6 min read · 1343 words

Engineering Operations

Overview

This chapter covers the operational practices that turn “the team shipped the feature” into “the feature actually works in production over time”: release strategy and feature flags, quality and testing, on-call management, and how to choose an agile methodology that fits your team instead of the other way around.

“Amateurs talk strategy and tactics. Professionals talk operations.”

— often attributed to General Omar Bradley

The quote’s attribution is contested; the wisdom is not. The difference between a team that ships a great feature once and a team that ships great features reliably is almost entirely operational. It is the least glamorous part of the job and the most consequential.

Releases and deployment

Release strategy

Example release cadence:

  • Production releases: weekly (Tuesdays at 10 AM).
  • Hotfixes: as needed, any time.
  • Major releases: quarterly (coordinated with marketing).

The specifics matter less than the predictability. Engineers need to know when their code reaches production so they can plan around it. Customers — internal and external — need to know when they can expect changes.
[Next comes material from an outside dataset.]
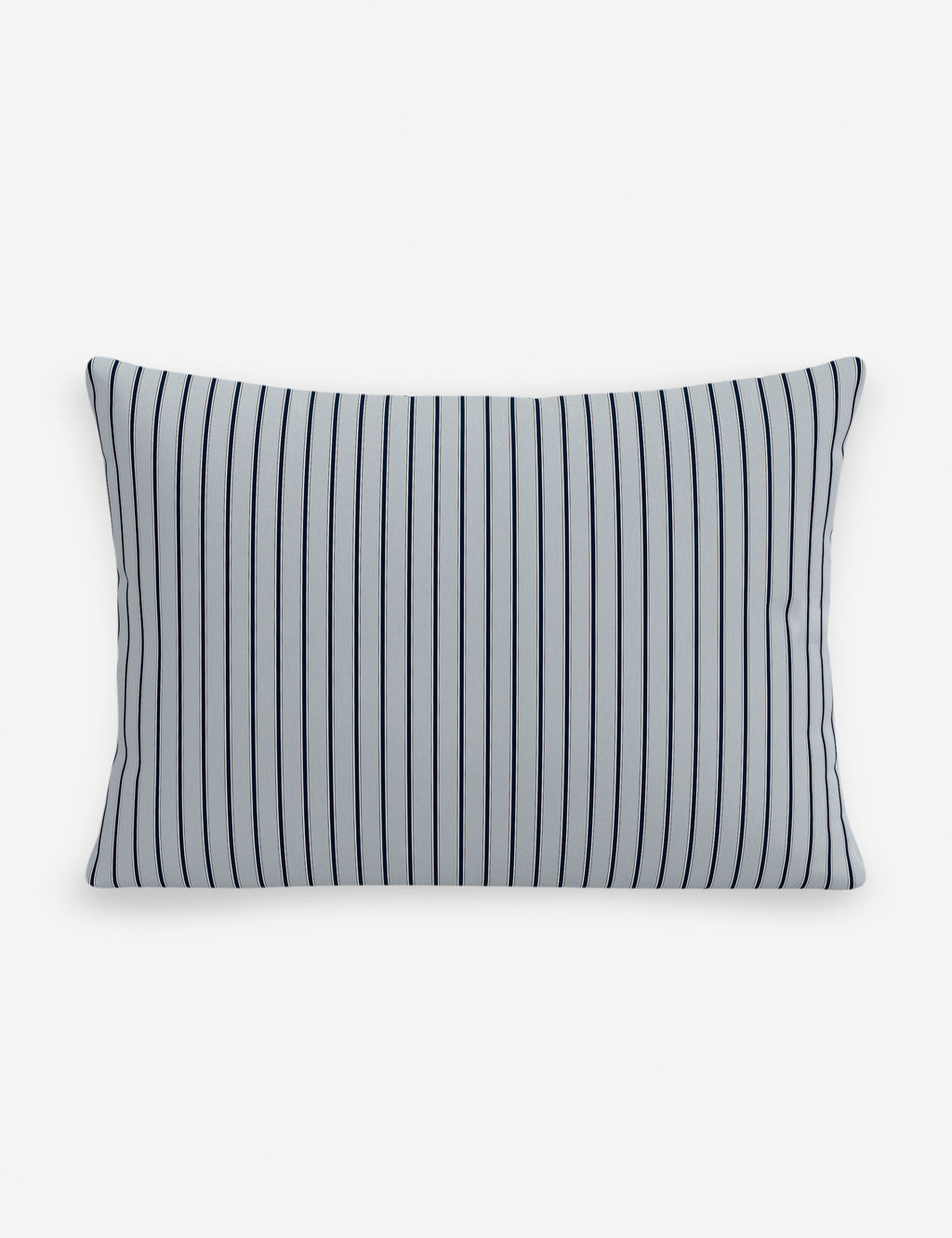 Aston Indoor / Outdoor Pillow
Every product has a maximum sustainable speed of delivery to customers. Ship faster than that and the bug rate in the field climbs until you’re spending more time firefighting than building. Ship slower than that and the product is held back from customers who need it, competitors overtake you, and the team loses the feedback loop that keeps them sharp. Finding your team’s sustainable speed — and operating at it, not above or below — is one of the quieter operational judgments a manager makes.

Feature flags

Use cases:

  1. Product features. Enable premium features for paid users.
  2. Gradual rollouts. Ship to 10% → 50% → 100%.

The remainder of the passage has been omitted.